À défaut de prendre la Gibb River Road il faut se contenter de l’autoroute. La Great Northern Highway fait un bon détour par le sud avant de rejoindre Derby. On pourrait se dire que ces 800 kilomètres offriraient quelques attractions mais non. Pourtant on traverse un paysage sublime, des chaînes de montagnes qui s’étendent à perte de vue : Carr Boyd Ranges, O’Donnell Range, Mueller Ranges, etc. Mais il n’existe aucun accès à ces merveilles, et aucun sentier de randonnée évidemment. Il faudra se contenter de les admirer depuis la route, frustrant. Les seules attractions accessibles sont Purnulu, Geikie Gorge, et via un détour Windjana Gorge et Tunnel Creek.

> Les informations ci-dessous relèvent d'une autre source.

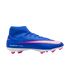 Blue Nike Air Zoom soccer cleat with a high-top ankle collar, white Nike swoosh with pink outlines, and pink studs.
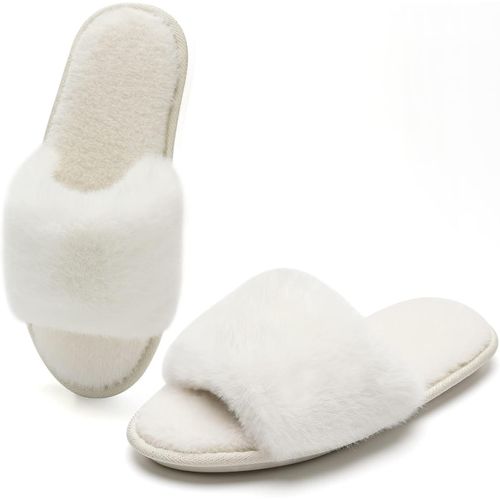 Kalanka-Chaussons D'hiver Femme Chaussons En Fausse Fourrure Confort Doux Bout Ouvert House Chaussures Laine-Peluche Mignon Slippers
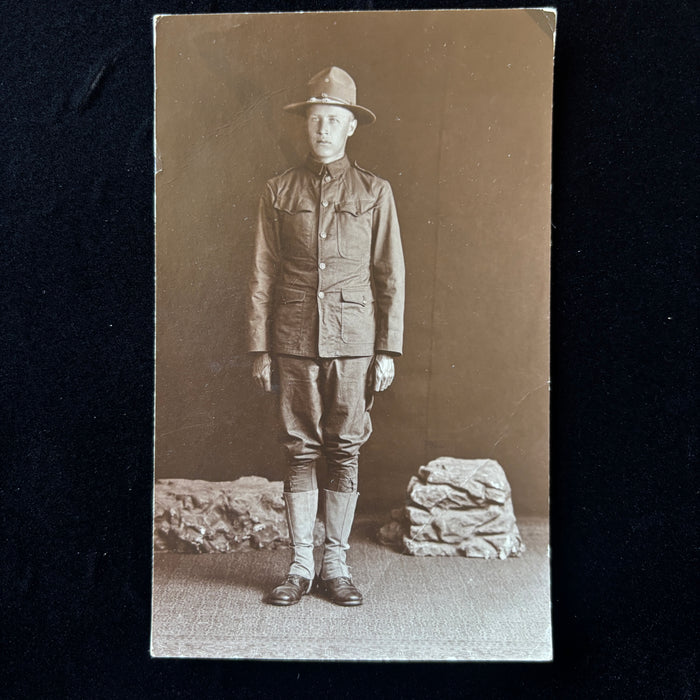 Antique Postcard WWI Doughboy Soldier RPPC Military Uniform Hat Studio Portrait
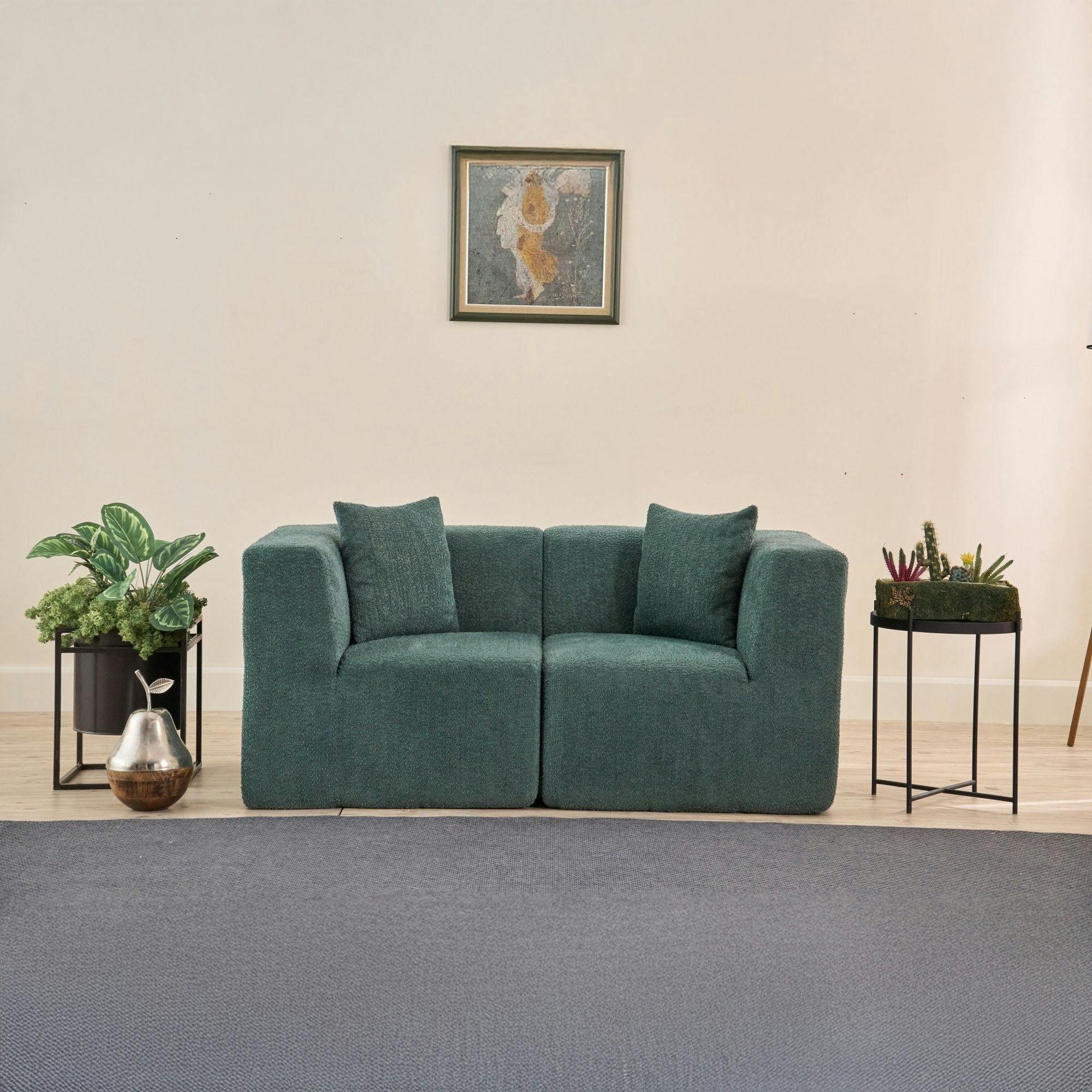 Canapé 2 places compact vert tissu chenille PLOVIA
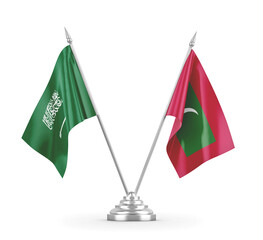 Maldives and Saudi Arabia table flags isolated on white 3D rendering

De toutes celles-ci, Geikie Gorge est la seule qui soit accessible sans 4x4.

C’est donc après un passage à Halls Creek où l’IGA local a essayé de nous vendre du pain de mie décongelé et périmé de plusieurs mois pour la modique somme de 4$ (vive le foutage de gueule), on trace jusqu’à Fitzroy Crossing où la station service offre du pain frais pour seulement 2,30$, ouf. C’est à cet endroit qu’il faut changer de direction pour aller jusqu’à Geikie Gorge. Le coin est sympathique, mais on est pas convaincus du tout de la beauté de la gorge, et pour tout dire on s’emmerde pas mal à marcher dans le sable pendant une heure en fond de gorge. Autant de kilomètres pour ça, la déception nous inonde.

Heureusement, on avait décidé de faire le détour pour aller voir Windjana Gorge et Tunnel Creek. Ce qui impliquait de faire 170 kilomètres de dirt road qui n’est normalement accessible qu’en 4x4, et un morceau de la Gibb River Road, heureusement indiquée comme sealed (bitumé) sur la carte. Mais comme je le disais plus haut, toute route 4x4 est accessible en deux roues motrices si vous êtes suffisamment illuminé (comme nous) et surtout que vous la prenez au bon moment.

Le bon moment ça veut dire quand il fait suffisamment sec, surtout ici en région tropicale, pour que les passages à gué soient possibles. En effet si en 4x4 il est possible de traverser des gués jusqu’à 50 centimètres de profondeur, en deux roues motrices il ne vaut mieux pas dépasser la moitié du diamètre des roues, soit environ 20 centimètres.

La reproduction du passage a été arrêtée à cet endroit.